Auf dem virtuellen Handy in der Programmierumgebung verschwindet beim starten der app plötzlich das virtuelle handy und es tut sich gar nichts - kein fehler etc. 
Beim ausführen auf meinem Handy kommt folgender Fehler: Java-Fehler, unzulässiges Format
Die MIDP und CLDC Version stimmen jedoch.




The_S hat gesagt.:


> Sicher, dass der Pfad passt? "Dateiname.mp3" und nicht "/Dateiname.mp3"?


hatte den Pfad mit / war nur ein Tippfehler


MfG Knexi


----------



## The_S (29. Dez 2010)

Auch keine Fehlermeldung auf der Konsole? Welches SDK/WTK verwendest du? Das ist ein sehr ungewöhnliches Problem.

Evtl. unterstützt dein Handy das Format ja nicht!?


----------



## Knexi (29. Dez 2010)

The_S hat gesagt.:


> Auch keine Fehlermeldung auf der Konsole? Welches SDK/WTK verwendest du? Das ist ein sehr ungewöhnliches Problem.

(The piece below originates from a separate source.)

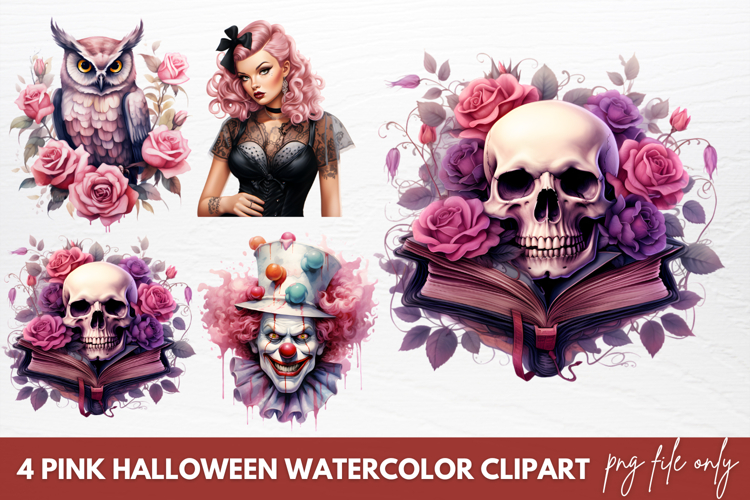 Pink Halloween Watercolor Clipart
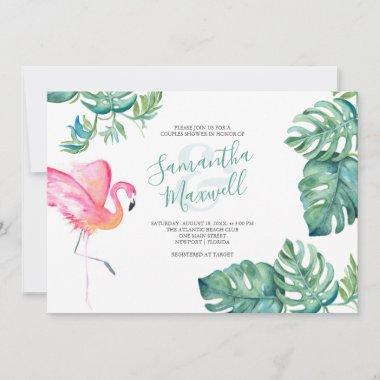 Tropical Watercolor Greenery Couples Shower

Ich verwende Java Netbeans 6.5.1
Es kommt überhaupt keine Fehlermeldung weder beim builden noch beim debuggen. Nur das virtuelle Handy verschwindet beim starten der app.



The_S hat gesagt.:


> Evtl. unterstützt dein Handy das Format ja nicht!?


Da das Handy mp3 dateien im eigenen musikplayer unterstützt glaube ich nicth, dass mit einer selbst geschriebenen java app dies plötzlich nicht mehr funktioniert. Mein Handy ist ein Samsung ST-5230


MfG Knexi


----------



## The_S (30. Dez 2010)

Knexi hat gesagt.:


> Ich verwende Java Netbeans 6.5.1
> Es kommt überhaupt keine Fehlermeldung weder beim builden noch beim debuggen. Nur das virtuelle Handy verschwindet beim starten der app.



Schwer vorstellbar. Poste doch mal den kompletten Inhalt der NetBeans-Konsole (inkl. aller Build- und Startlogs). Trotzdem bleibt die Frage nach dem WTK/SDK offen. NetBeans ist ja nur die IDE.



Knexi hat gesagt.:


> Da das Handy mp3 dateien im eigenen musikplayer unterstützt glaube ich nicth, dass mit einer selbst geschriebenen java app dies plötzlich nicht mehr funktioniert. Mein Handy ist ein Samsung ST-5230



Kann ich jetzt aus dem Stegreif nicht sagen, aber ja, scheint so als könnte das Handy mp3 abspielen. Mach doch mal ein gigantisches try-catch um deinen Code, fange alles ab was geht und gebe dann die Fehlermeldung bspw. auf einem Alert aus.


----------



## Knexi (30. Dez 2010)

The_S hat gesagt.:


> Schwer vorstellbar. Poste doch mal den kompletten Inhalt der NetBeans-Konsole (inkl. aller Build- und Startlogs). Trotzdem bleibt die Frage nach dem WTK/SDK offen. NetBeans ist ja nur die IDE.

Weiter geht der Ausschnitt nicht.